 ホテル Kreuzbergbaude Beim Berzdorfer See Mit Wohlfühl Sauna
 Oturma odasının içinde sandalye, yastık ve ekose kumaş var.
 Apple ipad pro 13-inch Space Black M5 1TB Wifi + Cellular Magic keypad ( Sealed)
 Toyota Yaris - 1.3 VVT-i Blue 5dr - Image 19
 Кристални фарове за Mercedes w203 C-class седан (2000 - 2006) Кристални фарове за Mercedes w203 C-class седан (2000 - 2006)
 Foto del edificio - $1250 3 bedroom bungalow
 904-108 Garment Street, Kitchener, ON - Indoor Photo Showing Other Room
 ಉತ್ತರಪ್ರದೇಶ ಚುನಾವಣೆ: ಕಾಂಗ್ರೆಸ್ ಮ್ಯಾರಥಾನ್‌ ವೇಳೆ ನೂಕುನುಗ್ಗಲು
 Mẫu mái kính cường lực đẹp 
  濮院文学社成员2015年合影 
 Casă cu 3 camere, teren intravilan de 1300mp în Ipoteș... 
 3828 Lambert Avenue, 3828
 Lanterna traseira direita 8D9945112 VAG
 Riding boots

= = = =

- [Task description]: Reproduce the data exactly, altering nothing.

- [Answer to the exercise]:
 ホテル Kreuzbergbaude Beim Berzdorfer See Mit Wohlfühl Sauna
 Oturma odasının içinde sandalye, yastık ve ekose kumaş var.
 Apple ipad pro 13-inch Space Black M5 1TB Wifi + Cellular Magic keypad ( Sealed)
 Toyota Yaris - 1.3 VVT-i Blue 5dr - Image 19
 Кристални фарове за Mercedes w203 C-class седан (2000 - 2006) Кристални фарове за Mercedes w203 C-class седан (2000 - 2006)
 Foto del edificio - $1250 3 bedroom bungalow
 904-108 Garment Street, Kitchener, ON - Indoor Photo Showing Other Room
 ಉತ್ತರಪ್ರದೇಶ ಚುನಾವಣೆ: ಕಾಂಗ್ರೆಸ್ ಮ್ಯಾರಥಾನ್‌ ವೇಳೆ ನೂಕುನುಗ್ಗಲು
 Mẫu mái kính cường lực đẹp 
  濮院文学社成员2015年合影 
 Casă cu 3 camere, teren intravilan de 1300mp în Ipoteș... 
 3828 Lambert Avenue, 3828
 Lanterna traseira direita 8D9945112 VAG
 Riding boots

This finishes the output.